- Firstly, watch out for a webinar invite today, I will be discussing where to now for key commodities as volatility continue to rise in the sector – Live @ Thursday 7th October at 11.30am AEST with two analysts, Peter O’Connor & Michael Clark
The ASX200 kicked off the week with a bang even though many of us enjoyed a long weekend – a sunny one in Sydney. It’s not often you see CBA rally over 5% in one day but a heavily oversubscribed $6bn buyback, which represents 3.8% of the banks issued capital, was enough to the send the stock within a few percent of its all time high, there were a couple of simple but important points for investors to consider & enjoy:
- We feel the CBA board is working hard for its shareholders looking for the “most efficient and value enhancing strategy to distribute CBA’s surplus capital & franking credits”.

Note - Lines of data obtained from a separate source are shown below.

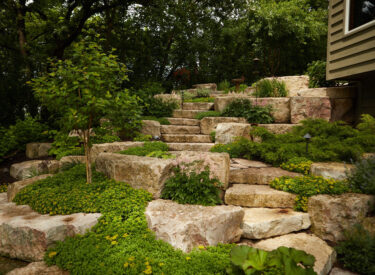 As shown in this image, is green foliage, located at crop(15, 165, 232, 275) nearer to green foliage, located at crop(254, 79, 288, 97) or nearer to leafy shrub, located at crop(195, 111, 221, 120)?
leafy shrub, located at crop(195, 111, 221, 120)

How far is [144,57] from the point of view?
11.8 m

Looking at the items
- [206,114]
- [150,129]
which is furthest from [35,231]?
[206,114]

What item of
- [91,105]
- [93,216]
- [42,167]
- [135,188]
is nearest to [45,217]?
[93,216]

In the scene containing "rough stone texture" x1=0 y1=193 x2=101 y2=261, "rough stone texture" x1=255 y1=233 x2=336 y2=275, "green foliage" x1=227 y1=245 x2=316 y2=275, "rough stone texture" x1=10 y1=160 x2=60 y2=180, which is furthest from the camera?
"rough stone texture" x1=10 y1=160 x2=60 y2=180

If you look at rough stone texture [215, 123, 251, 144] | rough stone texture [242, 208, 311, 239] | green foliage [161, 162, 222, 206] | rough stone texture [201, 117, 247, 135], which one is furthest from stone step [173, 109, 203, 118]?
rough stone texture [242, 208, 311, 239]

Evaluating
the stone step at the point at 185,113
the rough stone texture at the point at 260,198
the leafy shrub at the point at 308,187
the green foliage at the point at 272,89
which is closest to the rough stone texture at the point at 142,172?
the rough stone texture at the point at 260,198

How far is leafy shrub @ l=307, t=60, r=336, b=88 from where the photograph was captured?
777 centimetres

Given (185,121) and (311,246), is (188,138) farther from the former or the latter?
(311,246)

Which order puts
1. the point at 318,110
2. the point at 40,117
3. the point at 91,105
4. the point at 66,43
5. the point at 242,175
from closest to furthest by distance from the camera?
the point at 91,105
the point at 242,175
the point at 318,110
the point at 40,117
the point at 66,43

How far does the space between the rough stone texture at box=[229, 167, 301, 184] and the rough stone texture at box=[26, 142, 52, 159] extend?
5.06m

- The buyback was scaled back by a whopping 79.4% due to strong demand for the offer which was completed at a buy back price of $88.52 per share comprised of a $21.66 capital component plus a fully franked dividend of $66.96. For those in a zero tax environment, it’s worth $117.32 inclusive of franking credits, but only for the ~20% that was taken up.
- As outlined over recent weeks MM believes the Australian Banking Sector can drag the ASX200 to fresh all -time highs over the coming weeks / months.
The average gain of the other members of the “Big 4” was over 2% which adds significant weight to the sectors combined tailwind for the index.